Ein entscheidender Risikofaktor dabei ist die Konjunktur. Die hohe Inflation dämpft das Wirtschaftswachstum. In Deutschland herrscht eine Rezession, die die Nachfrage nach langlebigen Konsumgütern abschwächt. In China bestimmt mittlerweile im Automarkt ein Verdrängungswettbewerb das Geschehen. Die goldenen Zeiten für die deutschen Hersteller im Reich der Mitte sind längst vorüber. Tesla-Chef Elon Musk versucht, mit Dumpingpreisen anderen Anbietern den Garaus zu machen. Eine umfassendere Rabattschlacht steht bevor.

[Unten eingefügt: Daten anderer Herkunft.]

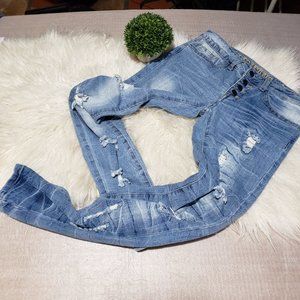 VIP destroyed ripped jeans 4 button closure skinny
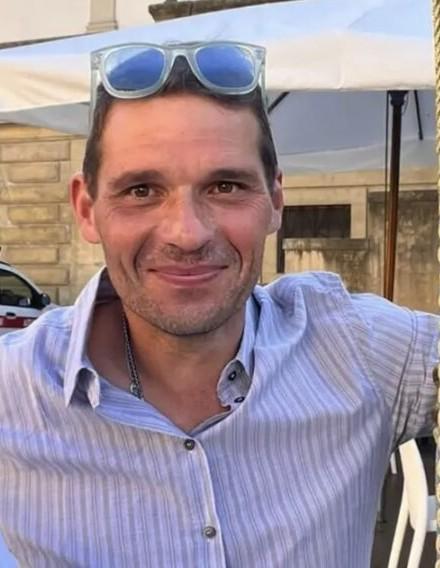 Tragico incidente stradale: dipendente comunale muore a 47 anni dopo uno scontro con la propria auto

Das börsennotierte deutsche Trio zeigt währenddessen ein uneinheitliches Bild. VW und Mercedes-Benz mussten zuletzt wegen der schwachen Wirtschaft und nach wie vor bestehenden Lieferkettenproblemen bei ihren Erwartungen für 2023 etwas zurückrudern. Die Stuttgarter machten wegen fehlender Bauteile und dem Konkurrenzdruck im dritten Quartal weniger Absatz, Umsatz und Gewinn. Bei BMW läuft es deutlich besser. Die Münchner bekräftigen ihre zuvor heraufgesetzte Ergebnisprognose. Sie sind der Ansicht, dass der von Tesla initiierte Preiskrieg sie nicht besonders trifft. 

Darin könnte BMW sich aber täuschen, da selbst Käufer hochpreisiger E-Modelle auf ein ausgewogenes Preis-Leistungs-Verhältnis achten. Dafür sorgt die Dynamik im Markt, die von ständigen technischen Neuerungen geprägt ist. Daher könnten Ratensenkungen in der Kompaktklasse auf Premiummarken überschwappen. Angesichts der nach wie vor volatilen Situation ist auch im kommenden Jahr keine spürbare Markterholung zu erwarten. Die Kaufzurückhaltung von Kunden trübt die Stimmung. Zwar sind Volumenhersteller wie die Marke VW davon stärker betroffen als die Premiumhersteller BMW und Mercedes-Benz. Letztere können sich dem aber auch nicht vollständig entziehen. 2024 dürfte daher auch wie 2023 ein Jahr des Übergangs sein. Zwar steigen in Deutschland die Neuwagen-Zulassungen. Allerdings ist der Markt nach wie vor weit von den Zahlen vor Ausbruch der Pandemie entfernt. Mancher rechnet damit, dass das Niveau von 2019 erst 2026 erreicht werden könnte – vorausgesetzt, Vater Staat senkt die Kaufförderung von E-Autos mit öffentlichen Mitteln nicht noch weiter. Für die deutschen Autobauer bedeutet das, dass sie sich auf ihrem Heimatmarkt in Geduld üben müssen, bis bessere Zeiten anbrechen.